What is expected:
Exactly reproduce the lines from the line bearing "Mojo 1,5 Zits" through the end of the listing, inclusive of both; pictures are to be omitted.

Information provided: Begin

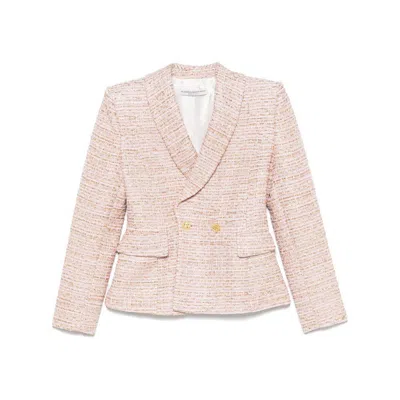 Alessandra Rich Jackets In Pink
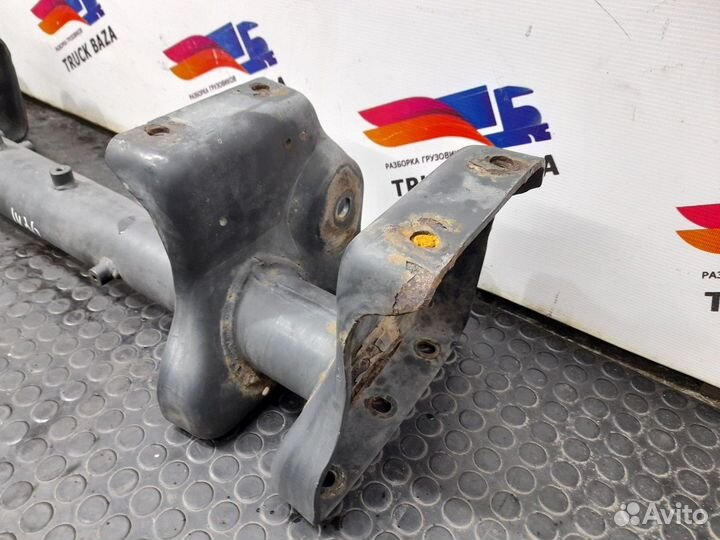 Кронштейн рессоры передней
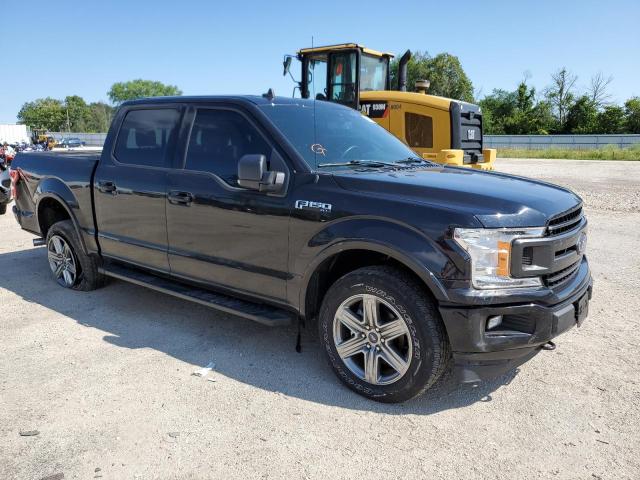 FORD F150 SUPER 2019 with VIN 1FTEW1E54KFB54970 - Photo from auction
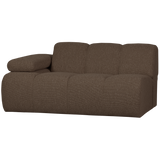 Mojo 1,5 Zits Element Arm Links Boucle Bruin Melange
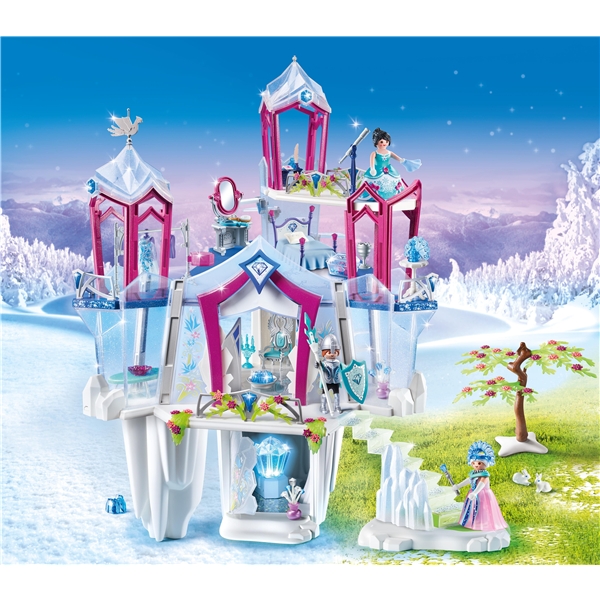 9469 Playmobil Kristallipalatsi (Kuva 2 tuotteesta 2)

Information provided: End

Your response:
 Mojo 1,5 Zits Element Arm Links Boucle Bruin Melange
 9469 Playmobil Kristallipalatsi (Kuva 2 tuotteesta 2)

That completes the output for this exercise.